● What to work on
Take the entries below and print only the lines from the one with "napkins printed with" through the one with "White and checked", exactly as they stand, both ends included.

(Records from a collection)
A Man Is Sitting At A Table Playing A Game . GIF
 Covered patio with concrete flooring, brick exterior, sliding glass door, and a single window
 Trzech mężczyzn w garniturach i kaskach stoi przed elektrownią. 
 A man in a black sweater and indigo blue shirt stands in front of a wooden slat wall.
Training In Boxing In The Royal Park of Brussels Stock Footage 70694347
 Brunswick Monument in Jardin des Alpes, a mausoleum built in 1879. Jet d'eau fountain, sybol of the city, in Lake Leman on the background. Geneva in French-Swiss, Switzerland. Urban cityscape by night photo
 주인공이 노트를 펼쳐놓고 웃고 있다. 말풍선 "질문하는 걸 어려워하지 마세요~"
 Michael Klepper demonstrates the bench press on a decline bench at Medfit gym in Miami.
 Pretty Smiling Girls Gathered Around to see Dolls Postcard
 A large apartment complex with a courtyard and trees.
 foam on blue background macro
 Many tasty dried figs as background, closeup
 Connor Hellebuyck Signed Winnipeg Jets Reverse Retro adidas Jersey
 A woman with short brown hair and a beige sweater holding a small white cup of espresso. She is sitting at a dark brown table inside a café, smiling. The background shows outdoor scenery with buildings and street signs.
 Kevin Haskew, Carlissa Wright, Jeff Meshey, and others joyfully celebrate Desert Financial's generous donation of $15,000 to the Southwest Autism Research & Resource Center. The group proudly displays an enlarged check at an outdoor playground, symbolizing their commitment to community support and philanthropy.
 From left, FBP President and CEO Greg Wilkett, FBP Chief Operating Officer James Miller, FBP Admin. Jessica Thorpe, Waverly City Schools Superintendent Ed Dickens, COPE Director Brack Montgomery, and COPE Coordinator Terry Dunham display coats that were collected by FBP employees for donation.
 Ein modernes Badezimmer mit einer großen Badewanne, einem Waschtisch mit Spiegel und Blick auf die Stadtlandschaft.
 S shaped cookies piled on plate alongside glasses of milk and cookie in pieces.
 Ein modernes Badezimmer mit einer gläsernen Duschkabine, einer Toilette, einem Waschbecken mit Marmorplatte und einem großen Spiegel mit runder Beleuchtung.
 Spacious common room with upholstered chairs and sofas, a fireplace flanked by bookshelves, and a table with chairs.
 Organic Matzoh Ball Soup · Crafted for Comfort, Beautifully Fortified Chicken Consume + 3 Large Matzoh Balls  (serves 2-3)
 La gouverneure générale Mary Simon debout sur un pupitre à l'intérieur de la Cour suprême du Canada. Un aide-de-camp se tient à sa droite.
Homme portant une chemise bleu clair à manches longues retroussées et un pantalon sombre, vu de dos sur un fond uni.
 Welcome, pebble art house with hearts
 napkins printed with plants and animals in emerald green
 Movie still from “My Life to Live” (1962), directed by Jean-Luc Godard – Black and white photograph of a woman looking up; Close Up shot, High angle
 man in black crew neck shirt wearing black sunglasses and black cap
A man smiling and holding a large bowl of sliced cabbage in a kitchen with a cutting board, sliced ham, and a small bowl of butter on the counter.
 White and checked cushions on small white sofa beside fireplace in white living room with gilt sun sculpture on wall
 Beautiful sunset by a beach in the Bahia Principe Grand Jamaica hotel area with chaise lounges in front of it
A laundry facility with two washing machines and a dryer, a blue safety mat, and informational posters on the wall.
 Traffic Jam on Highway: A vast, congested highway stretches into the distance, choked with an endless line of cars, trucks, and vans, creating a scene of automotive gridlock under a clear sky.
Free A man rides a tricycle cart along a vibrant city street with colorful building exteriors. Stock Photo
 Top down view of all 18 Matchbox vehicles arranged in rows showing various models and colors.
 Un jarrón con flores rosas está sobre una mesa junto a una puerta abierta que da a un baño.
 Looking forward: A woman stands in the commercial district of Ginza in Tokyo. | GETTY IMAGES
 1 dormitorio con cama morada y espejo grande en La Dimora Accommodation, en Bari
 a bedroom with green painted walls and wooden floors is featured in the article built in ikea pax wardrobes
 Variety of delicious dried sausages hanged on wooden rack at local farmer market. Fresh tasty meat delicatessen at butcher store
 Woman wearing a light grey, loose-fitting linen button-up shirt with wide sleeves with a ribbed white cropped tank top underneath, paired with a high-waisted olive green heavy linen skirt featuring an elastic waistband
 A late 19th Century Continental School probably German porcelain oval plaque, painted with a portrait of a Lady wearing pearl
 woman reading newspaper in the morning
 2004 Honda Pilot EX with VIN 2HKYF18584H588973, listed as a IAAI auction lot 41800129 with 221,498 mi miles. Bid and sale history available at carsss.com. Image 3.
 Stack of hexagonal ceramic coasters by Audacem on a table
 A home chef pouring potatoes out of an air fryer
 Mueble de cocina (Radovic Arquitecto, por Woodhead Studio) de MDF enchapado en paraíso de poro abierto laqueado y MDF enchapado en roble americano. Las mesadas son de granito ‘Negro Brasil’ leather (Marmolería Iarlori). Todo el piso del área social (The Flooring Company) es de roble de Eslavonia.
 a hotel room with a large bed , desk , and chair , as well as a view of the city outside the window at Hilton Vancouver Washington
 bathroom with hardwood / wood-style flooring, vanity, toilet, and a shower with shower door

● Task response
 napkins printed with plants and animals in emerald green
 Movie still from “My Life to Live” (1962), directed by Jean-Luc Godard – Black and white photograph of a woman looking up; Close Up shot, High angle
 man in black crew neck shirt wearing black sunglasses and black cap
A man smiling and holding a large bowl of sliced cabbage in a kitchen with a cutting board, sliced ham, and a small bowl of butter on the counter.
 White and checked cushions on small white sofa beside fireplace in white living room with gilt sun sculpture on wall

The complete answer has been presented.